Gonzaga Needs Przemek Karnowski to “Break Out”
Posted by Chris Johnson on August 23rd, 2013Chris Johnson is an RTC Columnist. He can be reached @ChrisDJohnsonn.
The sophomore breakout formula Sports Illustrated’s Luke Winn has been using over the past few seasons to highlight players expected to dramatically improve in their second years is not like any old fuzzy, subjective, qualitative preseason guessing game. It is grounded in a precise statistical methodology, designed to identify players who evince star potential in limited sample sizes and, in turn, realize that potential over more minutes by putting up big numbers in the coming season. Here’s his explanation: “To qualify, a player cannot have averaged much more than 20 minutes per game as a freshman. But while he was on the floor, he had to use a go-to-guy’s share of his team’s offensive possessions (around 24 percent or higher) with a respectable level of efficiency (an ORating of at least 100.0, or one point per possession). The underlying theory, as first proposed byBasketball Prospectus, is that go-to-guys tend to act like it from the start of their careers, even in limited playing time. “Players who are not very involved in the offense,” Ken Pomeroy wrote for BP in 2007, “tend to stay that way.” Winn’s track record is terrific; most of the players he highlights make good on their breakout promise – from Malik Waayns at Villanova in 2010-11 to Terrell Stoglin at Maryland in 2011-12 to Andre Hollins at Minnesota last season.

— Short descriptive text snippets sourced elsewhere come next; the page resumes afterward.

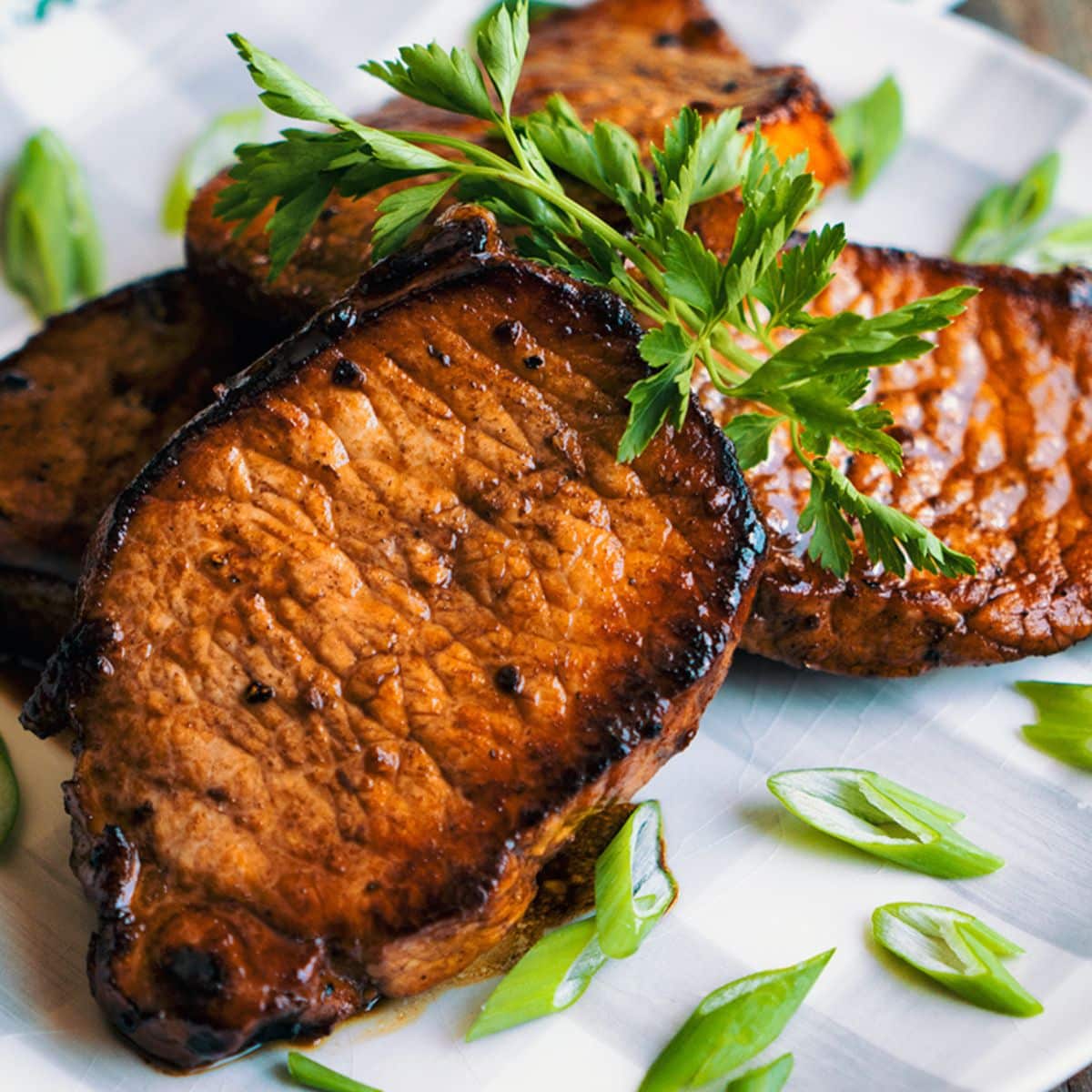 Blueberry Glazed Pork Chops on a white plate.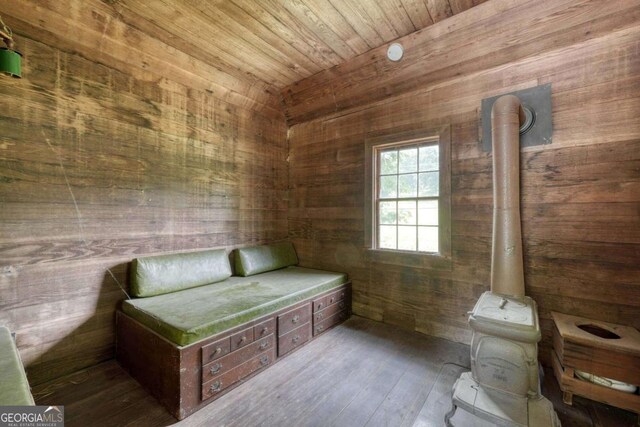 interior space featuring wood walls, hardwood / wood-style flooring, wooden ceiling, and a wood stove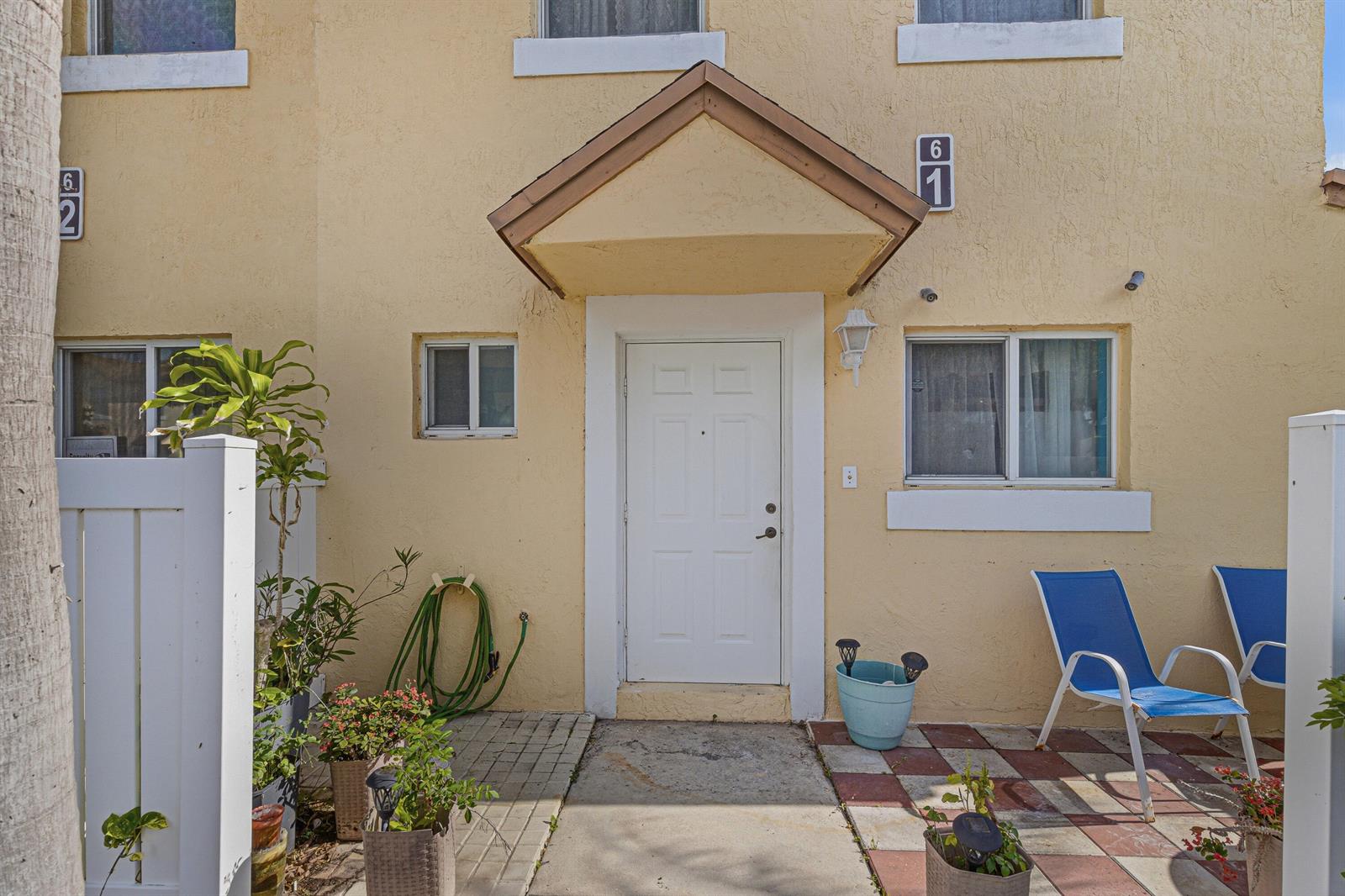 The exterior of a yellow townhouse features a white front door and a small patio — 6631 Winfield Boulevard # 6, Margate FL 33063, MARGATE, FL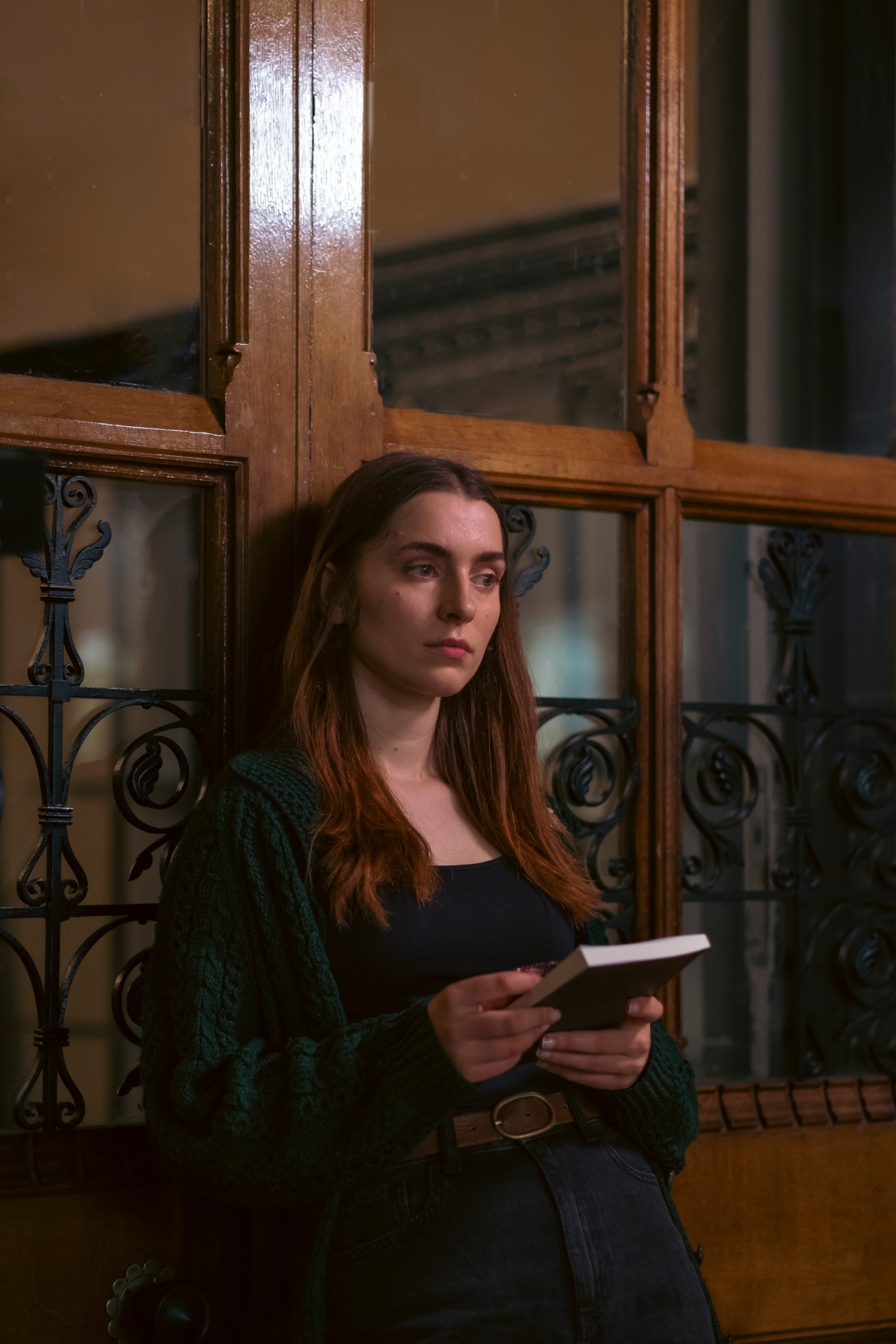 a woman leans against a door with a book in hand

This year’s No. 1 breakout candidate, according to Winn, is Gonzaga center Przemek Karnowski. Last season, Karnowski averaged 5.7 points per game, posted a 102.5 offensive rating while using 27.0 percent of his team’s possessions, and logged 26.1 percent of available minutes. Karnowski’s minutes and shot opportunities are expected to increase next season – a fundamental criterion in Winn’s predictive method – largely because last season’s dominating frontcourt duo, Elias Harris and Kelly Olynyk, are now playing in the NBA. The Zags need a dominating frontcourt presence to help make up for their lost production and Karnowski, a highly-touted international recruit last season, is the perfect candidate. Picking him as college basketball’s biggest breakout candidate doesn’t just pass the tempo-free smell test; it makes intuitive sense. Karnowski is in excellent position to make the proverbial sophomore leap.